L4 : I would recommend a sentence like : « We propose a data-driven resource-efficient alternative : a neural architecture based on the U-Net that reconstructs surface, [..] from four physical predictors »
L15 : I think « long-term » is not appropriate here, I would recommend « seasonal »
L69-70 : « While advances in computational power and data availability have enabled the development of more complex architectures, the simplicity and efficiency of the U-Net makes it an effective and resource-efficient choice for this task ». Although the U-Net architecture may appear simpler than more recent transformer-based models, it is still more complex than basic CNNs with fewer parameters that have been used in some previous studies. While I am convinced that a Unet is well suited for this application, I would have justified this choice differently, for example by emphasizing its ability to better capture different spatial scales.
L77 : « The hyperparameters [...] were optimized using random search ». Please provide a detailed description of all hyperparameters used and clarify on which dataset they were tuned: was optimization based on the training period (1998–2017) or the validation period (2017–2023)? If the latter, how did the authors account for potential overfitting? Why was an entirely independent time period not used to assess the model’s generalization performance more objectively? Could the authors also provide the training and validation loss curves? Finally, did the authors check that the model's learning was stable from one run to the next?

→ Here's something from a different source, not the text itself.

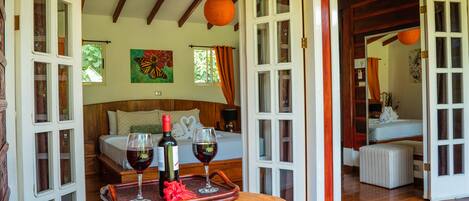 4 bedrooms, iron/ironing board, free WiFi, bed sheets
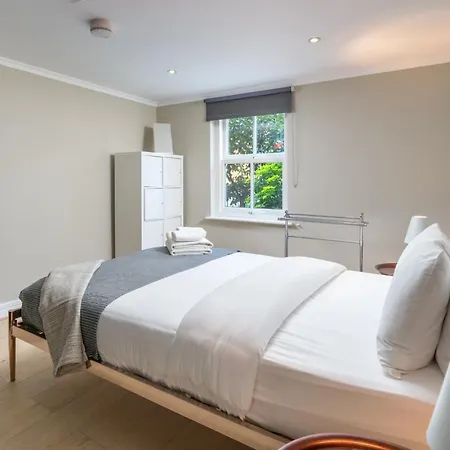 Apartment Gorgeous Design 2 Bed Flat Barons Court Sleeps Six *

L85 : « To simplify the predictive task, which consists of using a 6-month forecast of the physics to predict chl-a for the same time period, we trained twelve dedicated neural networks, each corresponding to the starting month of the forecast ». The choice seems to increase methodological complexity while reducing the training data available for each model, potentially favoring overfitting. I would have clarified how this risk was assessed and justified this strategy more explicitly, including its potential advantages and drawbacks. Have the authors compared reconstruction performance over the six-month period when using a single model trained across the whole dataset versus the proposed approach based on twelve separate models?
L90-92 : « For context, […], has between 20 and 30 million ». I would have removed that sentence. In Ansari et al. (2022), some of the Unets mentioned have almost six times fewer parameters. If a comparison in terms of parameters is to be made, I think it would be more relevant to compare them with other deep learning models published on the topic of Chl reconstruction.
L104 : « Since remotely sensed chl-a is limited by sunlight availability, we focus on the -60° to 80° latitudes ». Spatial coverage is not symmetric in latitude, suggesting factors beyond sunlight, e.g., cloud-dependent pixel availability (higher in the Southern Ocean). I would have justified the footprint selection more objectively, for example using a minimum pixel density.
L117-L119 : « The SEAS5 forecast [..]. To avoid these from biasing […], and then subtracting this difference from SEAS5 before using it as input ». I am not sure I understand the rationale of this approach. When applying the model to future forecasts, the corresponding GLORYS12 reanalyses will not be available—how will this be addressed? Is only a fixed annual climatology subtracted?
L165 : « the ACC decreases with lead time due to the increased uncertainty in the forecasted physics». For Figure 6b (6-month lead-time ACC), have the authors checked whether the poorly predicted (blue) areas correspond to regions where the seasonal forecasts of the four physical predictors are less accurate, based on literature or error maps?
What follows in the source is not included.